Similar has been done: see h5cpp::packet_table, …

I did a git grep pwrite and git grep H5Dget_chunk_info on your repo and could not find anything, could you be more specific where similar (aka “writing chunk piece by piece”) has been done?

Thank you Gerd,
I guess there is no option for compressed chunks since “allocated chunk early” is not possible with variable size chunks?

The idea of a chunk (compressed or otherwise) being treated as an indivisible unit is baked in. If you knew the size of the compressed chunk in advance, you could just H5Dwrite_chunk dummy bytes and then do the same approach, but that’s maybe unlikely, and you’d be writing data, albeit 2nd time unbuffered, multiple times. G.

1 Like

If you are trying to iterate all the chunks, then H5Dchunk_iter may be advantageous over H5Dget_chunk_info.

ImarisWriter is a piece of software that uses H5Dwrite_chunk to write a file chunk by chunk:

For uncompressed chunks, here’s one approach that I’ve done in the past along the same lines of @gheber’s suggestion.

  1. Create a HDF5 file template by using H5Pset_meta_blocksize to be large enough to hold all of the meta data for the file. This will consolidate all of the metadata into a single block at the beginning of the file.
  2. Allocate the chunks early as @gheber suggests.
  3. Verify the template by confirming via H5Dchunk_iter that the chunks are stored consecutively.
  4. Read in single consolidated meta block header as your template header.
  5. To write uncompressed blocks manually, without the HDF5 library, write the meta block header followed by the chunks in the order detected by H5Dchunk_iter.

I’m not quite sure how to extend this to compressed chunks, but I do have some thoughts.

A. You can configure a dataset with a filter, but then write all the chunks without the filter applied indicated by setting the appropriate bit of the filter_mask in H5Dwrite_chunk to be 1. This might allow the chunk to be preallocated via the template approach.
B. If we could at a later time modify the filter_mask to now indicate that the chunk is indeed compressed, then we could insert compressed chunks into a file at a later time. This would not necessarily save space on disk, but could reduce the I/O requirements of reading the chunks.
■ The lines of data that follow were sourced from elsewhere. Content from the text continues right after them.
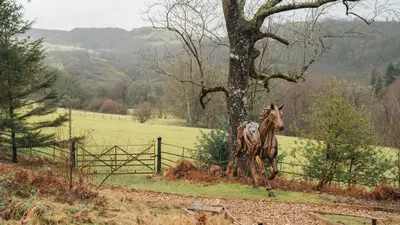 a horse running in a field next to a fence at Palé Hall in Bala
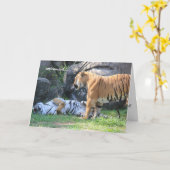 リタイアおもしろいメントカード、スリーピングタイガー カード (黄色い花)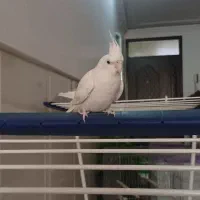 عروس هلندی البینو|پرنده|قم, شهرک امام حسن|دیوار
Since we have already invoked running w/ scissors thinking, perhaps we could investigate the chunk data structure itself.

I. Create the template HDF5 file with the appropriate filter pipeline, a large meta block size, and preallocated chunks (either early allocated if possible or manually via H5Dwrite_chunk).
II. Read in the consolidated metadata block header.
III. Identify the non-paged Fixed Array Index in the metadata.
IV. Modify the Data Block Elements for the filtered dataset chunk.
V. Recompute the Fixed Array Datablock Checksum.

Maybe some GNU poke recipes would be useful here, @gheber ?

By similar I don’t mean an exact match. In my interpretation chunk is the elementary unit of IO ops – I am not discussing the size, but its nature – therefore writing partial chunks in this model is not possible. This interpretation matches the IO cache mechanism inside of various storage devices, including memory architectures.

Now lets see what would it take to do it with a chunk which has been encrypted with a block cypher (pseudo code):

1. `pread(fd, data, partial_size, offset)`
2. goto #1 until finished reading full chunk because the chunk is atomic respect to block cipher
3. have chunk fully loaded, can call filter_chain

instead of this the preferred method is to read the entire chunk, then decode now you can do this with getting the offset, chunk size or just use direct chunk read; profile the code and if it is in 90% of the IO bandwidth of an NVME device you call it a day.

Can you please outline how one can do better reading partial chunks, when a chunk is atomic from the filter pipeline perspective?